## Activity
In the copy, keep every word of the data below and none of its pictures.

════════════════

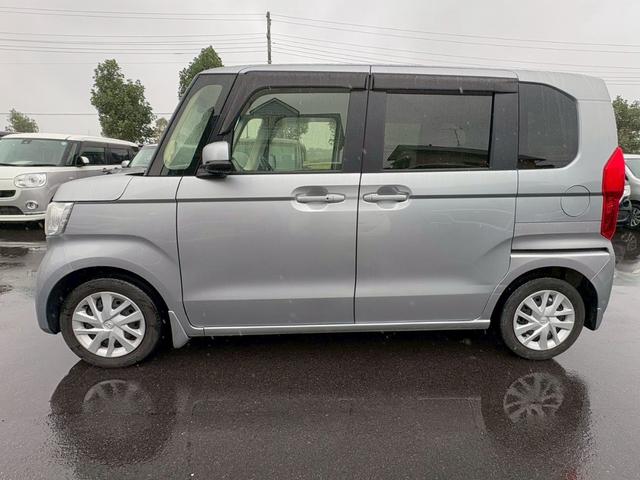 N-BOX G・Lホンダセンシング 修復歴なし 純正ナビ Bluetooth 衝突軽減ブレーキ バックカメラ クルーズコントロール レーンアシスト ETC LEDヘッドライト 両側スライド片側パワースライドドア プッシュスタート(9枚目)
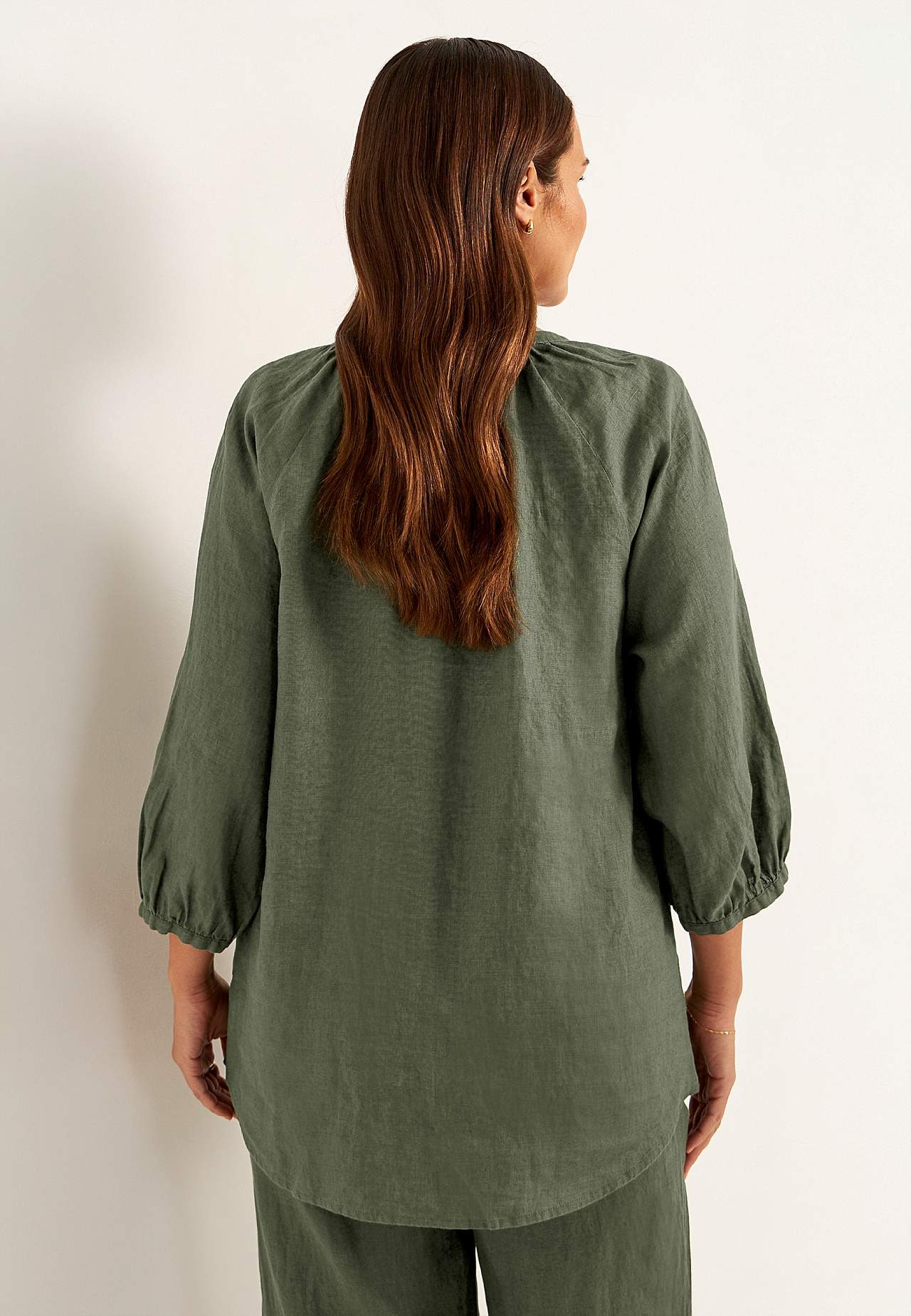 Linnen Premium blouse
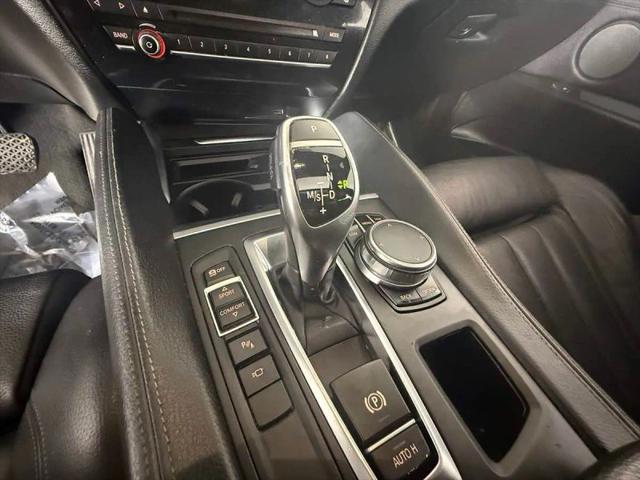 2017 BMW X6 sDrive35i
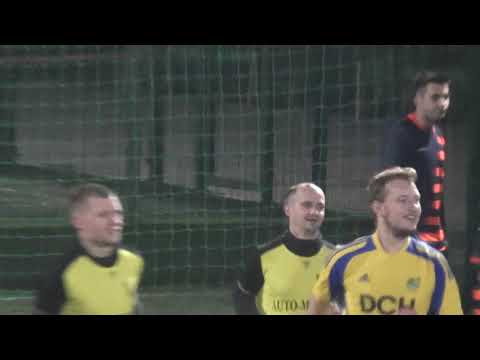 26 КХ 8 тур 6 Auto-Motors - Walltech 1 тайм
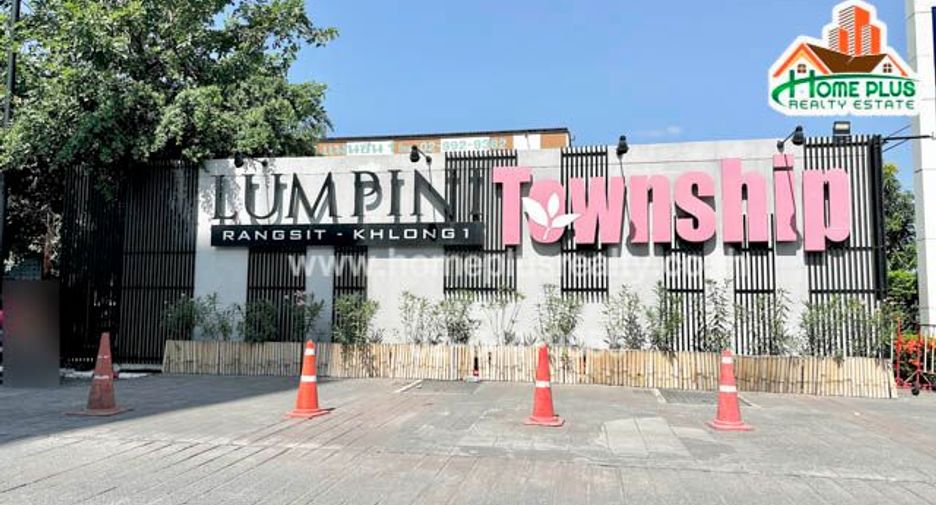 For sale 2 bed condo in Thanyaburi, Pathum Thani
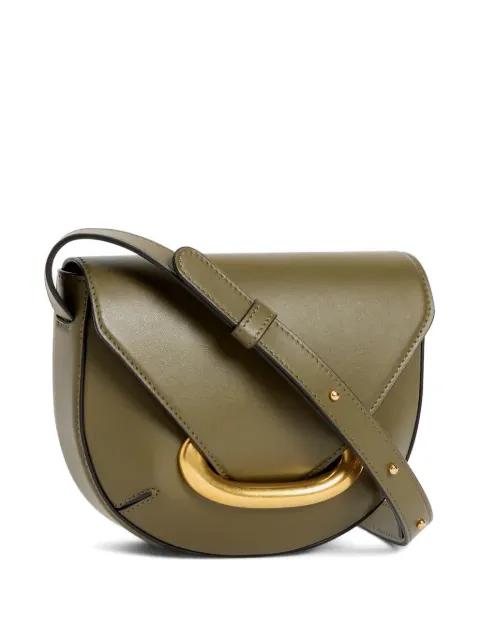 small Veneto leather crossbody bag by WANDLER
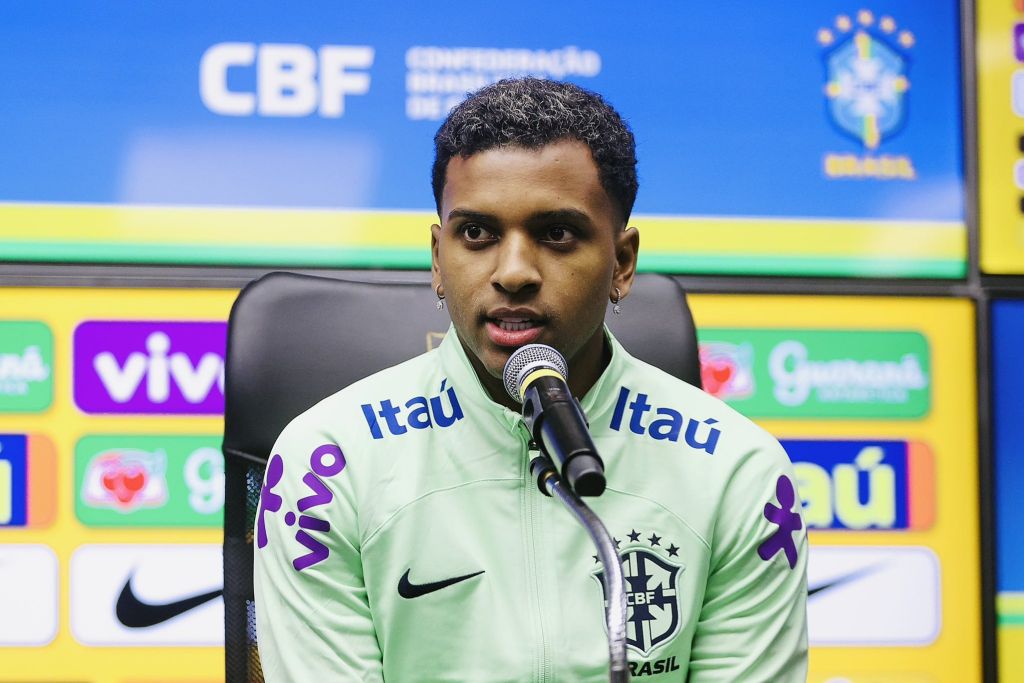 Συγκινεί ο Ροντρίγκο: «Με τη Ρεάλ έκανα πραγματικότητα κάθε μου όνειρο»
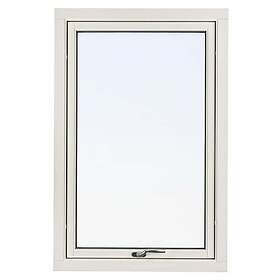 Svenska Fönster Vrid SP Trä 3-Glas Vit 8X12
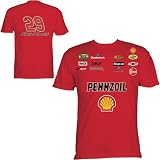 Chase Authentics Kevin Harvick Practice T-Shirt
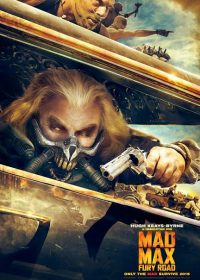 Mad Max Fury Road (2015) Dual Audio (Hindi Eng) Hindi Dubbed 300MB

════════════════

## Result of the task
 N-BOX G・Lホンダセンシング 修復歴なし 純正ナビ Bluetooth 衝突軽減ブレーキ バックカメラ クルーズコントロール レーンアシスト ETC LEDヘッドライト 両側スライド片側パワースライドドア プッシュスタート(9枚目)
 Linnen Premium blouse
 2017 BMW X6 sDrive35i
 26 КХ 8 тур 6 Auto-Motors - Walltech 1 тайм
 For sale 2 bed condo in Thanyaburi, Pathum Thani
 small Veneto leather crossbody bag by WANDLER
 Συγκινεί ο Ροντρίγκο: «Με τη Ρεάλ έκανα πραγματικότητα κάθε μου όνειρο»
 Svenska Fönster Vrid SP Trä 3-Glas Vit 8X12
 Chase Authentics Kevin Harvick Practice T-Shirt
 Mad Max Fury Road (2015) Dual Audio (Hindi Eng) Hindi Dubbed 300MB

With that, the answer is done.